Philosophy of Consciousness

Alfred North WhiteheadAlfred North Whitehead, perhaps the last great Western metaphysical philosopher, suggested that orthodox science is committing the “fallacy of the misplaced concrete” by taking highly abstract, instrument mediated, observations and using them to try to explain and predict the human experience and other emergent phenomena in the universe instead of grounding our knowledge in our actual concrete human experience.

Rather, Whitehead suggests, we should base our knowledge in our real experience, which is what we know most clearly and intimately about the universe.  Any explanation of the universe (or any aspect of the universe) that does not conform with the essential structure of our actual experience is flawed, to the degree that it doesn’t so conform.

Our Experience of the World Is a Conscious Experience

One of the most important insights that the rediscovery of philosophy can offer to science is that our experience of the world is a conscious experience.  Our consciousness – our thoughts, our feelings, our sensations, our intuitions – provide our most basic form of knowledge.  The world has to be the kind of place where this type of consciousness exists, because this type of consciousness is our most intimate experience of the world.  In fact it is our only experience of the world

Therefore, if each human being is a conscious living organism, it is much more likely that the universe is also a kind of conscious living organism, than that the universe is a non-living, non-conscious machine that somehow makes itself and then somehow gives birth to conscious humans that are inherently alien to it.

But, you may reply, we don’t experience the larger consciousness of the universe.  Well, the most realistic hypothesis may be that the universe has many levels of consciousness, a consciousness spectrum like the energy spectrum, but, again like the energy spectrum, we only experience a relatively narrow band of the consciousness spectrum.

Think of the cells in your bodies.  It’s probably pretty hard for them to imagine what your consciousness is like, but that doesn’t mean it doesn’t exist.  And your consciousness clearly affects your cells, for example flooding them with adrenaline and stimulating them to different kinds of action when you get very excited or very happy or very angry or very frightened.

So what happens if we shift our Ontology and consider the universe as a conscious, living, evolving organism?

The Anthropic Principle

In The Structure of Scientific Revolutions, Thomas Kuhn argued that normal science moves in a relatively smooth fashion, integrating new knowledge into preexisting theories, which exist within particular world views.  However, periodically there are scientific revolutions when the whole world view or, as he puts it, the paradigm changes.  Moving from a geocentric to a heliocentric solar system and from Newtonian to relativistic physics are two such examples of changing a paradigm.

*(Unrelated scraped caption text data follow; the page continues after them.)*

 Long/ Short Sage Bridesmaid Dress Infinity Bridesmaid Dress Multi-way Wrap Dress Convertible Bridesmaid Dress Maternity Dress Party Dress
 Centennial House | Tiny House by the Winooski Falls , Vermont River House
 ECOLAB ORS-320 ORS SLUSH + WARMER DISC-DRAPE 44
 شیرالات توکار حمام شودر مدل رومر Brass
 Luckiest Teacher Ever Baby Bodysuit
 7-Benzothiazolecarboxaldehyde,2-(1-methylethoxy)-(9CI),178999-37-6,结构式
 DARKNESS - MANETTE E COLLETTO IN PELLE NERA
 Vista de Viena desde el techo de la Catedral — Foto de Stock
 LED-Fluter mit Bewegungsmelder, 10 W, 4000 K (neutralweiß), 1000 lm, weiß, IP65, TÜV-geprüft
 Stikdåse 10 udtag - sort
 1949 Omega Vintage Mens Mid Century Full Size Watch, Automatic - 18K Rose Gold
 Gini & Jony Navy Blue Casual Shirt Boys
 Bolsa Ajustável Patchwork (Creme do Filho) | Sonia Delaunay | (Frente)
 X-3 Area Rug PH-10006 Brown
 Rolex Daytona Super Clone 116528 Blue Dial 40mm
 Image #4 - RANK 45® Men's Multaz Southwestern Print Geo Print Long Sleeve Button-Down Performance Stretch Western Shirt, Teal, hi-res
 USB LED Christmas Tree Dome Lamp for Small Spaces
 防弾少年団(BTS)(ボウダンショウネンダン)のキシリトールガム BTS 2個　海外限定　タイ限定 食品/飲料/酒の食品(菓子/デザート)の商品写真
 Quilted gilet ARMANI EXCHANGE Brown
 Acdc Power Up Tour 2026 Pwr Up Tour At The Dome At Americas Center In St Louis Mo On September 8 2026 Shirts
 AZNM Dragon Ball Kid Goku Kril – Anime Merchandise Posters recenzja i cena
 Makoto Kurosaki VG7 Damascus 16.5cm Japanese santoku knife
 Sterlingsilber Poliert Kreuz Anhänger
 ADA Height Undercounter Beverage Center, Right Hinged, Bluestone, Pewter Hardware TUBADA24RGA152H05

From the perspective of Planetary Philosophy, we are in the middle of another, perhaps even more basic paradigm shift, from a mechanistic/probabilistic universe where human consciousness is a sort of accidental epiphenomenon that requires special explanation to a conscious universe in which human consciousness exists along a narrow band of a much broader spectrum of universal consciousness.

In Western thought, this paradigm shift has been formulated as the Anthropic Principle [further elaboration at link]. The standard form of the Anthropic Principal holds that observations of the physical universe must be compatible with the conscious life that observes it. The strong form of the Anthropic Principal asserts that the universe must be compatible with conscious life, which means that it is most likely that the universe is a living place that contains a spectrum of consciousness.